Considered a mid-mountain resort, Châtel also attracts hiking enthusiasts during the summer.
It indeed offers an impressive number of hiking trails, many of which are straddling France and Switzerland.
The river Dranse d'Abondance carved the 25km long valley that links Chevenoz to Châtel.
This valley is the former Canton d’Abondance, which once was part of the historic Savoy.
Many think that the valley was named abundance for its lush meadows, an ideal environment for the breeding of dairy cows.
The rich milk they produce indeed serves for the production of Fourme d’Abondance, a delicious cheese that was granted an AOC in 1990.
Others think that this word is of Burgundian origin.
Indeed, the first traces of recorded occupation date back to the 5th century, when a tribe driven out of Burgundy by the Huns, came to take refuge in the valley.
The undeniable Burgundian origin of many local names seems to corroborate this version.
The name Châtel, on the other hand, is Old French for castle and would suggest that the village was once fortified.
However, no physical trace nor recorded text - known to date – corroborates this.
Abbaye d’ Abondance
The Val d'Abondance is centered around the Abbaye d’Abondance.
The monks of the abbey of Saint Maurice d'Agaune founded a priory in La Chapelle d'Abondance in 1108.
The priory was granted the status of abbey shortly after and was transferred to Abondance.
Spared from destruction, it still has its original church, cloister and convent buildings.
It was also the first abbey of Savoy to be classified historic monument in 1875.

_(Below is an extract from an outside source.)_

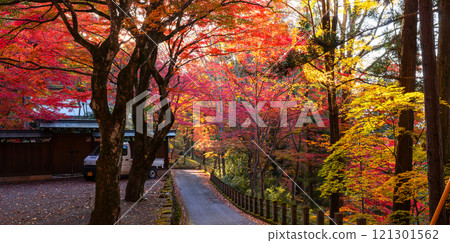 241113 日枝神社 z124-130-S 241113 日枝神社 z124-130-S 121301562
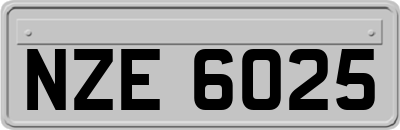NZE6025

Finally, the Ministry of Culture and Communication awarded it also the Pays d'Art et d'Histoire de la Vallée d'Abondance label in 2003.
A spa town
Châtel was part of the Duchy of Savoy until 1860, when the latter was annexed to France.

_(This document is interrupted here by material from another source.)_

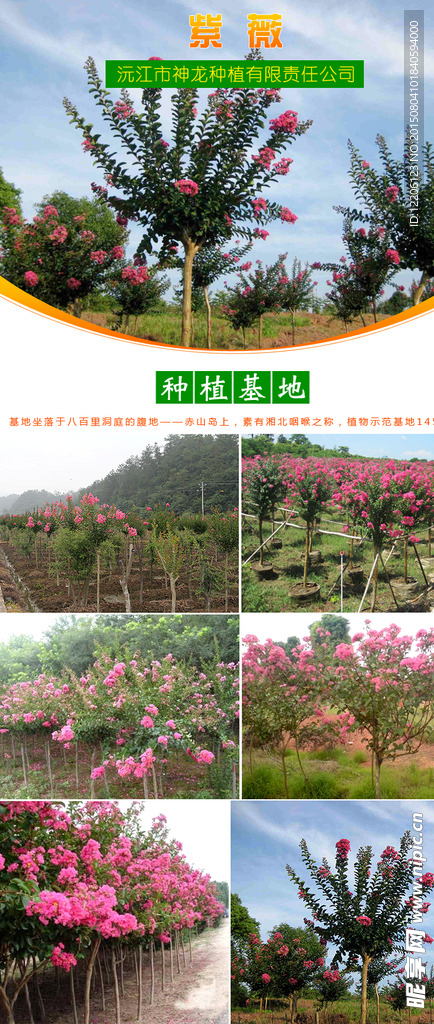 淘宝花木详情设计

The exploitation of wood and agriculture were the traditional activities.
However, this changed in the years that followed, when the discovery of a spring with sulfurous water triggered the development of hydrotherapy.
The first hotel therefore opened in the 1880s, initiating the development of summer tourism.
The smugglers of Châtel
Châtel’s common border with Switzerland triggered a parallel 'activity’ - smuggling!
The villagers were indeed poor and struggled to make ends meet.
They found it very difficult to find work in a small village nestled in the deep end of the valley and entirely cut off the plain during the long winter months.
They survived on odd jobs; times were tough, so they became smugglers!
Tobacco contraband indeed allowed them to find the resources they needed to feed their families.
They would set off in the pitch of dark and silently sneak on the steep mountain paths, carrying their 30 kilos loads on the back.
Their destination was Switzerland, where they exchanged their tobacco for ham, bacon and honey.
However, smuggling was a real game of cat and mouse!
Customs officers were indeed also local mountaineers and therefore knew the passes as well as the smugglers.
They would take cover in the thick forest of spruces, sometimes waiting for endless hours in total darkness and cold in order to catch the smugglers.
Most of the time those were smarter and could get through without been caught.
However, the ‘smuggling era’ lasted about 30 years, from 1920 to 1950.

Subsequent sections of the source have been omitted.